Michael Haneke must have ruled that color was too good for the village of Eichwald in his pre-World War I drama The White Ribbon. Instead, the Austrian renders the benighted town in stark black-and-white cinematography, as if he's withholding the comfort of nature's beauty from Eichwald's quietly desperate villagers. During the harvest festival that provides the film with an uncharacteristically happy scene (at first ...), the narrator remarks that the neighbors gathered, "first in a joyful mood, then in horror and perplexity."
The Horror and the Perplexity might be a more appropriate name for The White Ribbon, with its relentlessly cruel and discomforting vision of family dynamics and the social compact. Winner of the Palme d'Or at the 2009 Cannes Film Festival and this year's Golden Globe for Best Foreign Language Film, The White Ribbon maintains such a grim, punishing tone, its themes feel like foregone conclusions. Nevertheless, the film recounts an arresting narrative in spite of its nearly two-and-a-half hour running time.
The town's young school teacher (Christian Friedel) recounts the tale in voice-over as an elderly man. He acknowledges he doesn't know if the story is true, but that it could hold an explanation for the subsequent events of German history. Eichwald comes across not only as agrarian, but nearly feudal, with a local baron serving as first citizen and primary employer. Crimes and mishaps plague the village, beginning with the town doctor's fall from a horse due to some strategically placed wire.

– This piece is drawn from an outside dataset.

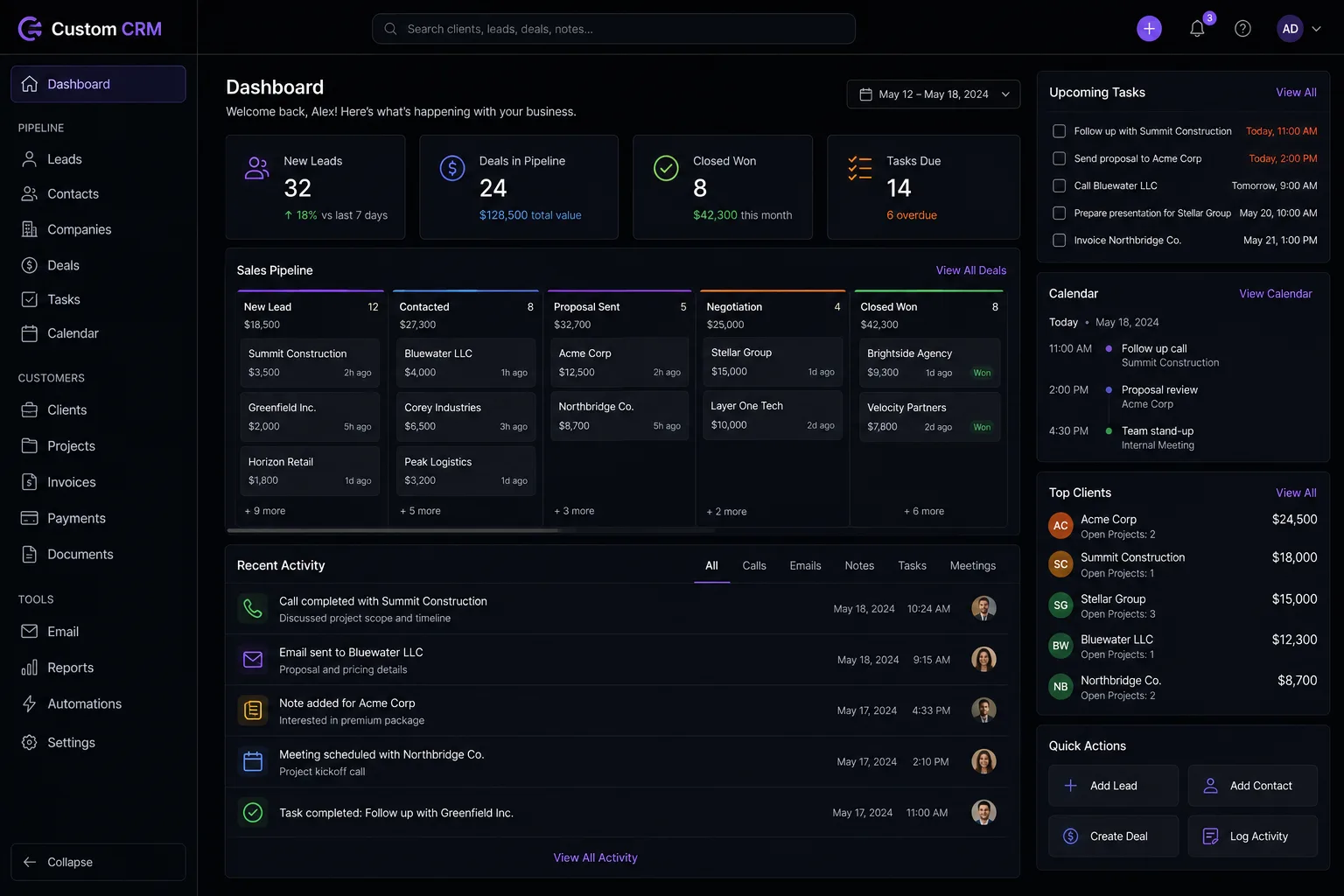 A custom CRM dashboard showing new leads, deals in the pipeline, closed won, tasks due, a sales pipeline board and a recent activity log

A farmer's wife fatally falls through rotten wood in the attic of the baron's sawmill. Her son takes out his frustrations by decapitating cabbages, and a more terrible fate befalls a child the same day. The crime wave sets the town aflame with gossip and suspicion, but audiences who've seen Haneke's excellent drama Caché know not to expect a tidy resolution to the whodunit.
The scandalous violence turns out to be only the most overt expressions of an astonishingly oppressive, punitive community. When the pastor's (Burghart Klaußner) two eldest children, Klara and Martin (Maria-Victoria Dragus and Leonard Proxauf), return home late one night, their father sends the entire household to bed without supper, gives the two malefactors "10 strokes of the cane" the following night, and then makes them wear white ribbons with the hope that the symbols of purity will remind them to behave. Puberty and enigmatic guilt seem to take a toll on Martin, who walks atop the handrail of a woodland bridge to see if God wants to punish him. Later, his father binds the boy's hands to his bed frame to keep Martin from playing with himself at night.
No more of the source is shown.